Un musée militaire désarmant

Grâce notamment à la Frauenkirche restaurée, au chef-d'oeuvre de l'art baroque qu'est le musée du Zwinger et à l'opéra construit par Semper, Dresde ne manquait déjà pas d'atouts pour attirer les touristes. Depuis samedi 15 octobre, la "Florence de l'Elbe" possède une nouvelle corde à son arc : le musée de la Bundeswehr, l'armée allemande.
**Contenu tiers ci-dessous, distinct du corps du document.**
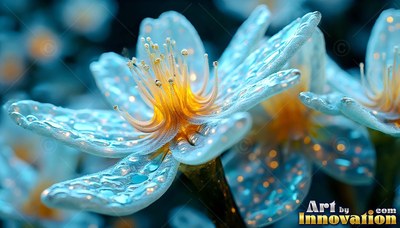 Dewdrops cover clear blue petals on a flower with a bright orange center against a dark backdrop
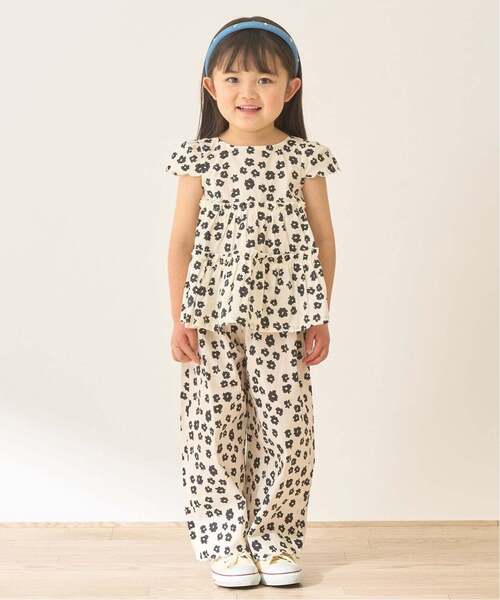 Lycee mine（リセマイン）の「【セットアップ】アソート総柄ティアードブラウス・スカラップパンツセット【子供服】【キッズ】【女の子】（セットアップ・キッズ・ブラック/ダークブラウン/サックスブルー/ピンク/ブルー/アイボリー/エメラルド/ブルーグレー・110cm/100cm/120cm/130cm/140cm/150cm）」の12枚目の写真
Si la Grande-Bretagne et la France peuvent se permettre d'avoir un musée vantant les mérites de leurs armées (encore que...), le nazisme interdit à l'Allemagne d'en faire autant. De fait, le moins que l'on puisse dire est que le musée qui vient d'ouvrir ses portes n'est pas franchement un outil de propagande à la gloire de la chose militaire.

 

Comment pourrait-il en être autrement ? Le lieu même l'interdit. Bombardée le 13 février 1945 par les forces britanniques et américaines, Dresde est devenue un symbole de l'absurdité et de la cruauté de la guerre. En quelques heures, 3 000 tonnes de bombes y tuèrent environ 35 000 personnes. Pour l'exemple. Pour achever de démoraliser les Allemands et précipiter la chute du régime nazi.

 

Le choix de l'architecte retenu il y a une dizaine d'années pour transformer en musée l'arsenal construit à la fin du XIXe siècle ne laissait pas non plus place au doute. Né en 1946 dans une famille juive polonaise, Daniel Libeskind est célèbre en Allemagne pour avoir conçu le bouleversant musée juif de Berlin. A Dresde, l'architecte a rompu l'harmonie classique du bâtiment existant en y enfonçant un "coin", un immense triangle de verre et d'acier de près de 30 mètres de haut dont la pointe la plus élevée attire le regard vers le ciel, là où les bombardiers lâchaient leur cargaison. "Mon intention n'était pas de préserver la façade du musée et de simplement ajouter par-derrière une extension invisible. Je voulais créer une césure audacieuse, une dislocation fondamentale. Pénétrer l'arsenal historique et créer une nouvelle expérience. L'architecture va engager le public à réfléchir sur la question fondamentale de la violence organisée et sur l'imbrication de l'histoire militaire et du destin d'une ville", explique l'architecte.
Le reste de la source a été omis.